+++ Dataset extract +++

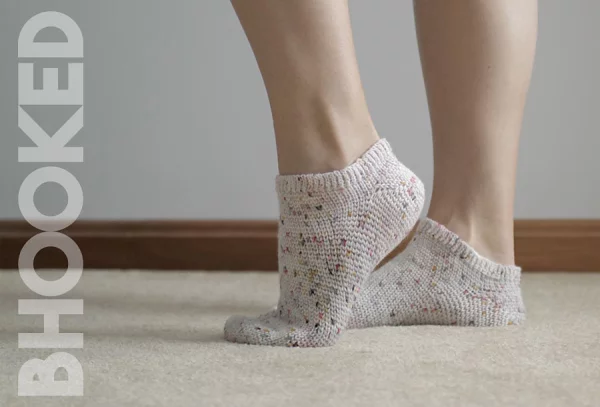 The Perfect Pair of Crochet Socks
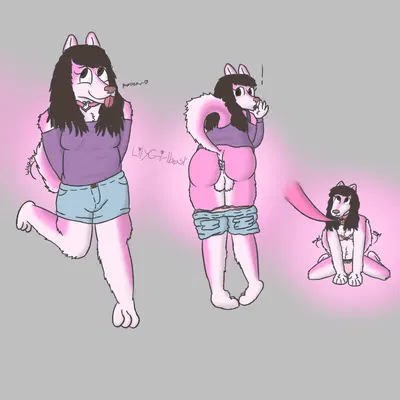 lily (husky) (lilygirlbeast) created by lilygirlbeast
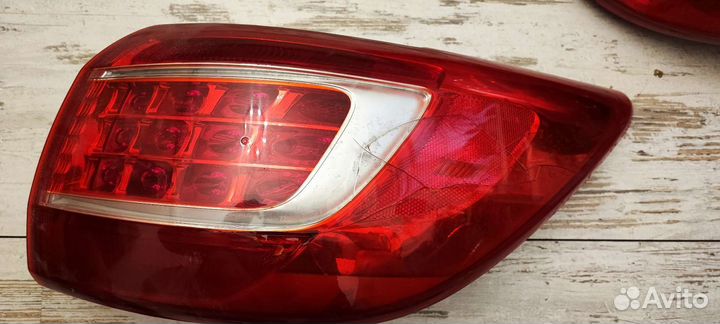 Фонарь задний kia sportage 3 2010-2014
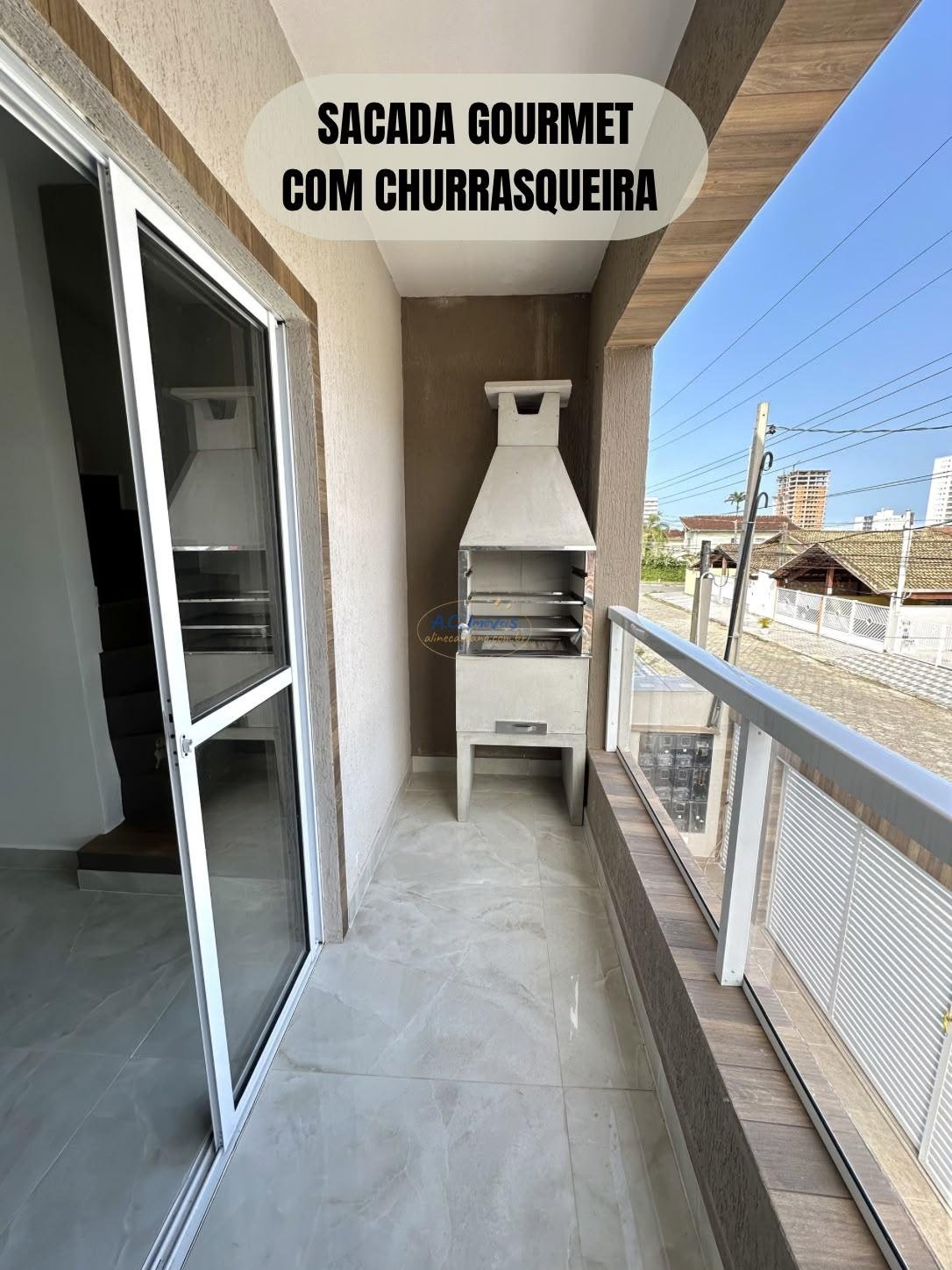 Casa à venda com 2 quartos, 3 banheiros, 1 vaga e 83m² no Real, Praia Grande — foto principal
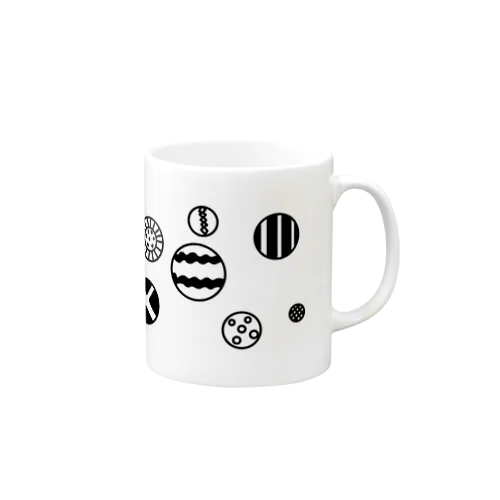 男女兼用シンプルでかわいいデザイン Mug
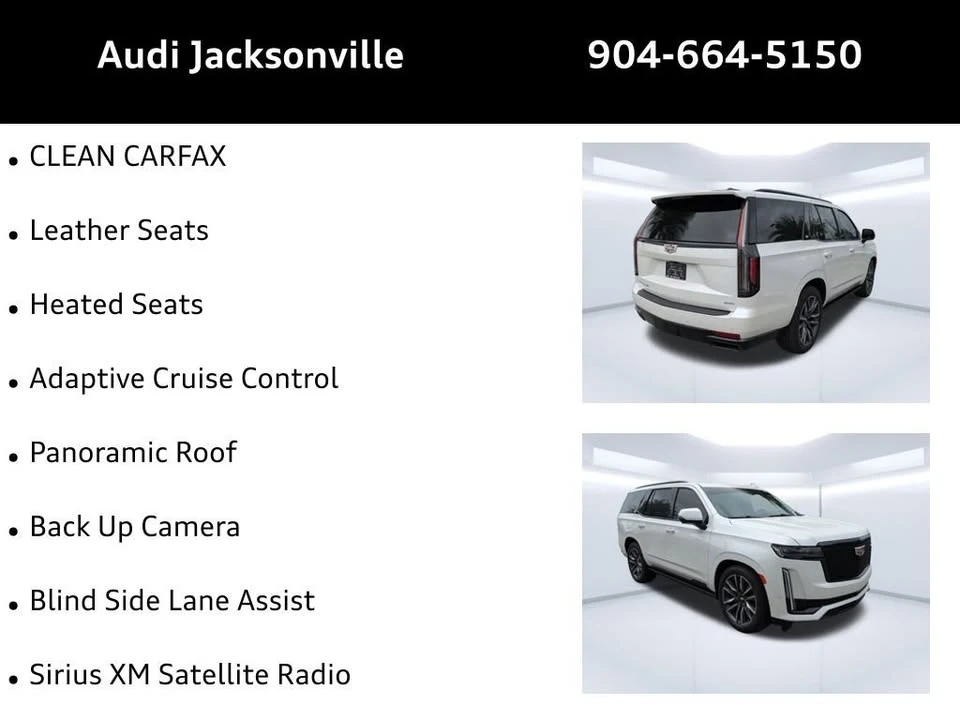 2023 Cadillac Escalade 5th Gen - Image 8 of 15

+++

Your task >> Above are the records. Copy exactly, and only, the lines from the line containing "Casa à venda" through the last one, omitting any pictures.

Result for this exercise >>
 Casa à venda com 2 quartos, 3 banheiros, 1 vaga e 83m² no Real, Praia Grande — foto principal
 男女兼用シンプルでかわいいデザイン Mug
 2023 Cadillac Escalade 5th Gen - Image 8 of 15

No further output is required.